▶ What this task involves: Find the line with "Schweiz - Ganzsachen: 1867-2003, Sammlung" and the line with "2018 MERCEDES-BENZ GLE-CLASS" in the entries below; output exactly those two lines, every line between them, and no others.

▶ Scraped caption text data:
==*==
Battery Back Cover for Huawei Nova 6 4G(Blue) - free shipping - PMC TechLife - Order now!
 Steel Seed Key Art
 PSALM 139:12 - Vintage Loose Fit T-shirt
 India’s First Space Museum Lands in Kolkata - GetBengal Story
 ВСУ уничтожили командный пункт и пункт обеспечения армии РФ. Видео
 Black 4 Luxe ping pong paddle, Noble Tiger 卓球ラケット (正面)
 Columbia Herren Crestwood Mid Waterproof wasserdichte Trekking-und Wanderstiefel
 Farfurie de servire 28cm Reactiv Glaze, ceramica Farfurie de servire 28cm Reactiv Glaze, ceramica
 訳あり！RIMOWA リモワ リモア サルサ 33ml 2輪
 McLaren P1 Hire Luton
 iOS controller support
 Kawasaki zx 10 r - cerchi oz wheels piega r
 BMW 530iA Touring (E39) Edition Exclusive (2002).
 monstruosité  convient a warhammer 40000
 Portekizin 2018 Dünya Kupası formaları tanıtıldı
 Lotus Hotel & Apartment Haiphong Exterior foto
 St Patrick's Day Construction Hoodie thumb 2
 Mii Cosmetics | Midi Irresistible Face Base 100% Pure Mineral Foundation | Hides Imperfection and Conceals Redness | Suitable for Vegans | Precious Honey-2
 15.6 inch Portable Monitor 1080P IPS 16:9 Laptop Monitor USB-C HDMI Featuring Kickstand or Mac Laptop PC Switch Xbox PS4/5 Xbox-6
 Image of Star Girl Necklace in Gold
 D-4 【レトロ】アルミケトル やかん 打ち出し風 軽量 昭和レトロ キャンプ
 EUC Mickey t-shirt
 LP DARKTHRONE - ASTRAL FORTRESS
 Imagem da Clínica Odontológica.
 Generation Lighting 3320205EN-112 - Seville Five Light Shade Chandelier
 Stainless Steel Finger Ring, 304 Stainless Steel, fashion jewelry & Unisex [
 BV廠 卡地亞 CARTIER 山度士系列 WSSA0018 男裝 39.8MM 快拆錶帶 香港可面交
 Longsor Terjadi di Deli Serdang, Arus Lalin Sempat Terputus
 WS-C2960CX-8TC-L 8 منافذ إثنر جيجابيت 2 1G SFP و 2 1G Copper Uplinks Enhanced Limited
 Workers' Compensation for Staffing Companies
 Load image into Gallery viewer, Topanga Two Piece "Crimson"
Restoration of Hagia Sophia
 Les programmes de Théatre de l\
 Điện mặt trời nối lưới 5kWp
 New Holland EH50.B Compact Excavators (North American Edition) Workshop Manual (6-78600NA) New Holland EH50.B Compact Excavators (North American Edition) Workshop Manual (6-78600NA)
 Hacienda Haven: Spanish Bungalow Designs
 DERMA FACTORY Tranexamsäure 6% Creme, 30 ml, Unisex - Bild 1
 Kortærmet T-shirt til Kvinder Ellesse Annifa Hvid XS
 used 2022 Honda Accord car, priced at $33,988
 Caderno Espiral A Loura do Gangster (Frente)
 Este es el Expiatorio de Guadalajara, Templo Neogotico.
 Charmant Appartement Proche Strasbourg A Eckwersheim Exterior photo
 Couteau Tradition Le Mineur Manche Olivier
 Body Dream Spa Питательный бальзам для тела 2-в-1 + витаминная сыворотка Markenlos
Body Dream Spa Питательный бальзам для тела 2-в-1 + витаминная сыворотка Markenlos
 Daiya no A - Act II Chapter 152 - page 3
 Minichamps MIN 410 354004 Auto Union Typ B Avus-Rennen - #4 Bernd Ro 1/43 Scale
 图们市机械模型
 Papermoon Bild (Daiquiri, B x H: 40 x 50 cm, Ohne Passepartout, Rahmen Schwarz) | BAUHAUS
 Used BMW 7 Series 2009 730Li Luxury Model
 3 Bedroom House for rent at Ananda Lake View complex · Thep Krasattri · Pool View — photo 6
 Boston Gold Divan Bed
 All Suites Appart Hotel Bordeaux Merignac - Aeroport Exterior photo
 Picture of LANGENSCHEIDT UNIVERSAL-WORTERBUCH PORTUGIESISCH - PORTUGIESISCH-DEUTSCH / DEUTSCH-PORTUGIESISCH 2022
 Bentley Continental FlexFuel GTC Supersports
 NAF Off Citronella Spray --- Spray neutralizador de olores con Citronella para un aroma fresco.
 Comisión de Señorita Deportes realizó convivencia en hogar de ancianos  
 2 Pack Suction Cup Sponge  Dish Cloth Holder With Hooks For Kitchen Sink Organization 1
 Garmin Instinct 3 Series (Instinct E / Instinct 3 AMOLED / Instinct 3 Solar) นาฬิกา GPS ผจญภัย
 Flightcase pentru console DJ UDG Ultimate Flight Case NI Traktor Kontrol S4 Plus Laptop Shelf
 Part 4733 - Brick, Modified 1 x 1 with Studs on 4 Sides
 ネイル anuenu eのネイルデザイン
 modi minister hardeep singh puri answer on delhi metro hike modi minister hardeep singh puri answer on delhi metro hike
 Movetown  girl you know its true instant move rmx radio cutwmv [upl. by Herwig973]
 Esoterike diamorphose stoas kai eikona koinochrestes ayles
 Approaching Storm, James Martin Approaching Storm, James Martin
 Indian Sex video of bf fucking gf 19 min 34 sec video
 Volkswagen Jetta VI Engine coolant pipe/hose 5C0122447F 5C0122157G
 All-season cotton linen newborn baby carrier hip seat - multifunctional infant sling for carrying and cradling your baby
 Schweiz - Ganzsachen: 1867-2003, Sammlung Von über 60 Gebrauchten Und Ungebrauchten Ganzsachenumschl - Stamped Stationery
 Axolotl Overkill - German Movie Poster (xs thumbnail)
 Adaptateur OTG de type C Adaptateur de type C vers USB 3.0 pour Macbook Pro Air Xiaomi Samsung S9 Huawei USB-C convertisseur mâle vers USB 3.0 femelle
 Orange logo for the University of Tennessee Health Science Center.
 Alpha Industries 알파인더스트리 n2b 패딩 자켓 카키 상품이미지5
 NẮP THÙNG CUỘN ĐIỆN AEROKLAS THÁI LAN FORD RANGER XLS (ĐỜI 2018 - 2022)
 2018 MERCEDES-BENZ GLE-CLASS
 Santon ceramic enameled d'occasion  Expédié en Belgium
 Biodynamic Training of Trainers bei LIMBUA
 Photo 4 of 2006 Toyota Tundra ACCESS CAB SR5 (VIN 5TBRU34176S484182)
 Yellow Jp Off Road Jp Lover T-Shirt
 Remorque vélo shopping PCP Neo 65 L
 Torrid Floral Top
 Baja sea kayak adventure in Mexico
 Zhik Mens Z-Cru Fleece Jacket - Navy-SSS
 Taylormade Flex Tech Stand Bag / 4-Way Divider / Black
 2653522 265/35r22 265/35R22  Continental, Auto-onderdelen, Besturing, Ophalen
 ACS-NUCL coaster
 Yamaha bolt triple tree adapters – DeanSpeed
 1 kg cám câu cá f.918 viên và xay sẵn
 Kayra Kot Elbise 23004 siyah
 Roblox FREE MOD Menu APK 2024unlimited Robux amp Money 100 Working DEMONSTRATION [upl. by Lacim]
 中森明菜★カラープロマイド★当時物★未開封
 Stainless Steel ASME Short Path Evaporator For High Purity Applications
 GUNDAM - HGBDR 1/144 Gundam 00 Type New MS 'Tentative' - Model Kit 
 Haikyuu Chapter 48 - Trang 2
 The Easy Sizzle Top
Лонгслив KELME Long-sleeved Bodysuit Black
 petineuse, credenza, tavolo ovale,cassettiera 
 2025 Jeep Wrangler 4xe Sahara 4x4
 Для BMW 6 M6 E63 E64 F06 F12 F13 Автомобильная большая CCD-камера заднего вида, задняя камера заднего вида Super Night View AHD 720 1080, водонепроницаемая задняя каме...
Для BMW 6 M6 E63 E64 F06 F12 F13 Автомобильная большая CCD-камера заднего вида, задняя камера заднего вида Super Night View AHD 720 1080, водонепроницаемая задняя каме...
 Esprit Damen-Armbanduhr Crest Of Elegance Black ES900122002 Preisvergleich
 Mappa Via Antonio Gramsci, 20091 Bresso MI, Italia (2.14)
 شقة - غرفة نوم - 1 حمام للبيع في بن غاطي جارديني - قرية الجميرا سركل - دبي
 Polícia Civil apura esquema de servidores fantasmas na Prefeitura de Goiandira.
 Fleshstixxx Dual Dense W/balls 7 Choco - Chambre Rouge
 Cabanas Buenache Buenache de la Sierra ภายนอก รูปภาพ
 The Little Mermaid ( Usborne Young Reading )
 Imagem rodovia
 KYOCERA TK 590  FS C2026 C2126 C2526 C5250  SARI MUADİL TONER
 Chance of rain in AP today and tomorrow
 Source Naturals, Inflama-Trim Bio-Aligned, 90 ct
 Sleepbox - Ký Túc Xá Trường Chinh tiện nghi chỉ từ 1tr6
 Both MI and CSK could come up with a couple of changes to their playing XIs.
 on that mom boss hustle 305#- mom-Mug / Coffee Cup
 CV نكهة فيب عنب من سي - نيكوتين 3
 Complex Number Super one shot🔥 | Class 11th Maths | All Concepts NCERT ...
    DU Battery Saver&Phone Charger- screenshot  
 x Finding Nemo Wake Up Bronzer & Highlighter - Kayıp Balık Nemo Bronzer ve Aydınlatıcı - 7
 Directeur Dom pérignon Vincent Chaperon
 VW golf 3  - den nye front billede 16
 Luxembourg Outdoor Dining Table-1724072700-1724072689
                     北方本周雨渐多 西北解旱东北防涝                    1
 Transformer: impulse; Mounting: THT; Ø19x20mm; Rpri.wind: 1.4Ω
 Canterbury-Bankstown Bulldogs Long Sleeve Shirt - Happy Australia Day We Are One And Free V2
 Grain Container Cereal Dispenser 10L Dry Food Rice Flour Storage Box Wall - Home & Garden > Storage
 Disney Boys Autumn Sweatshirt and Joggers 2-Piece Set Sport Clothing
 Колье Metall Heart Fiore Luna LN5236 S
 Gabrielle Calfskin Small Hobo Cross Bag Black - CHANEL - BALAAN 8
==*==
▶ Task output:
 Schweiz - Ganzsachen: 1867-2003, Sammlung Von über 60 Gebrauchten Und Ungebrauchten Ganzsachenumschl - Stamped Stationery
 Axolotl Overkill - German Movie Poster (xs thumbnail)
 Adaptateur OTG de type C Adaptateur de type C vers USB 3.0 pour Macbook Pro Air Xiaomi Samsung S9 Huawei USB-C convertisseur mâle vers USB 3.0 femelle
 Orange logo for the University of Tennessee Health Science Center.
 Alpha Industries 알파인더스트리 n2b 패딩 자켓 카키 상품이미지5
 NẮP THÙNG CUỘN ĐIỆN AEROKLAS THÁI LAN FORD RANGER XLS (ĐỜI 2018 - 2022)
 2018 MERCEDES-BENZ GLE-CLASS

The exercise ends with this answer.